“The KMAP Global Ocean Gene Catalog 1.0 is a leap toward understanding the ocean’s full diversity, containing more than 317 million gene groups from marine organisms around the world,” said lead author Elisa Laiolo of the King Abdullah University of Science and Technology (KAUST) in Saudi Arabia. “The catalog focuses on marine microbes, which greatly impact human lives through their influence on the ocean’s health and the Earth’s climate.”
“The catalog is freely available through the KAUST Metagenomic Analysis Platform (KMAP),” added the study’s senior author, Professor Carlos Duarte, a faculty member at KAUST. “Scientists can access the catalog remotely to investigate how different ocean ecosystems work, track the impact of pollution and global warming, and search for biotechnology applications such as new antibiotics or new ways to break down plastics—the possibilities are endless!”
A feat of technological innovation and scientific collaboration
Researchers have been mapping marine biodiversity for hundreds of years, but faced various challenges to creating a full atlas of ocean life. One is that most marine organisms cannot be studied in a laboratory. The advent of DNA sequencing technologies overcame this by allowing organisms to be identified directly from ocean water and sediments.
“Since each species has its own set of genes, we can identify which organisms are in an ocean sample by analyzing its genetic material,” Laiolo explained. “Two technological advances have made this possible at scale.
“The first is the enormous increase in speed, and decrease in cost, of DNA sequencing technologies. This has allowed researchers to sequence all the genetic material in thousands of ocean samples.”
“The second is the development of massive computational power and AI technologies, which make it possible to analyze these millions of sequences.”
The team used KMAP to scan DNA sequences from 2,102 ocean samples taken at different depths and locations around the world. This advanced computing infrastructure identified 317.5 million gene groups, of which more than half could be classified according to organism type and gene function. By matching this information with the sample location and habitat type, the resulting catalog provides unprecedented information on which microbes live where and what they do.
“This achievement reflects the critical importance of open science,” said Duarte. “Building the catalog was only possible thanks to ambitious global sailing expeditions where the samples were collected and the sharing of the samples’ DNA in the open-access European Nucleotide Archive. We are continuing these collaborative efforts by making the catalog freely available.”

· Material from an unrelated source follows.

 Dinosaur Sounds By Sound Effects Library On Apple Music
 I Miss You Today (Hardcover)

A wealth of scientific and industrial applications
The catalog has already revealed a difference in microbial activity in the water column and ocean floor, as well as a surprising number of fungi living in the ‘twilight’ mesopelagic zone. These and other insights will help scientists understand how microbes living in different habitats shape ecosystems, contribute to ocean health, and influence the climate.

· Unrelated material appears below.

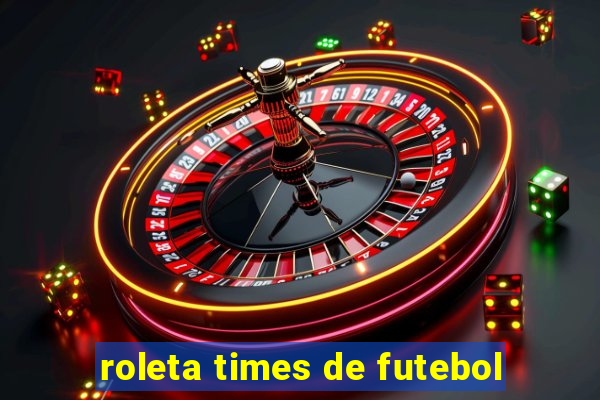 roleta times de futebol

The catalog also serves as a baseline for tracking the effect of human impacts like pollution and global warming on marine life. And it offers a wealth of genetic material that researchers can scan for novel genes that could be used for drug development, energy, and agriculture.
Toward a global ocean genome
The KMAP Ocean Gene Catalog 1.0 is a first step towards developing an atlas of the global ocean genome, which will document every gene from every marine species worldwide—from bacteria and fungi to plants and animals.
“Our analysis highlights the need to continue sampling the oceans, focusing on areas that are under-studied, such as the deep sea and the ocean floor. Also, since the ocean is forever changing—both due to human activity and to natural processes—the catalog will need continual updating,” said Laiolo.
Duarte cautions that despite its clear benefit, the future of the catalog is uncertain. A major obstacle is the status of international legislation on benefit-sharing from discoveries made in international waters.
“While the 2023 Treaty of the High Seas offers some solutions, it may inadvertently impede research by reducing incentives for companies and governments to invest. Such uncertainty must be resolved now we have reached the point where genetic and artificial intelligence technologies could unlock unprecedented innovation and progress in blue biotechnology,” he concluded.